__WORKING DATA__:
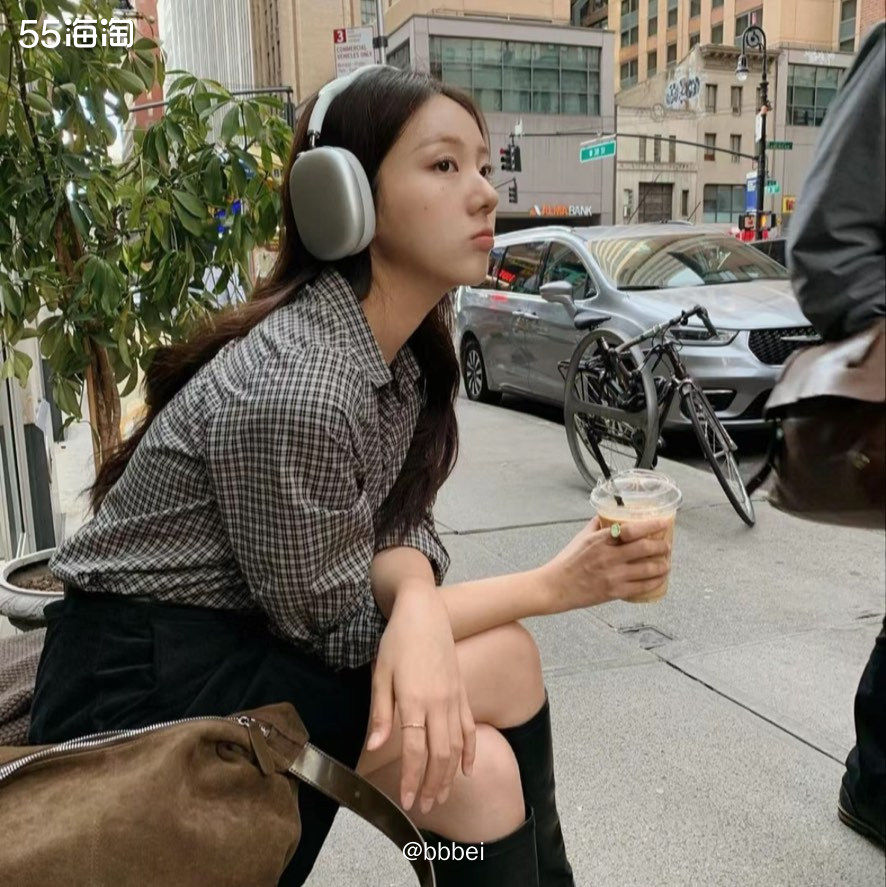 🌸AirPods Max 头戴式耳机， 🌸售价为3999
* * *
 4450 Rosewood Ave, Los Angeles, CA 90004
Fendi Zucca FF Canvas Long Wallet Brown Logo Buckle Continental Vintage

__EXERCISE INSTRUCTIONS__:
Above are the records; from them, give again exactly the lines from the one containing "4450 Rosewood Ave, Los Angeles, CA 90004" through the one containing "Fendi Zucca FF", both included.

__ANSWER SPACE__:
 4450 Rosewood Ave, Los Angeles, CA 90004
Fendi Zucca FF Canvas Long Wallet Brown Logo Buckle Continental Vintage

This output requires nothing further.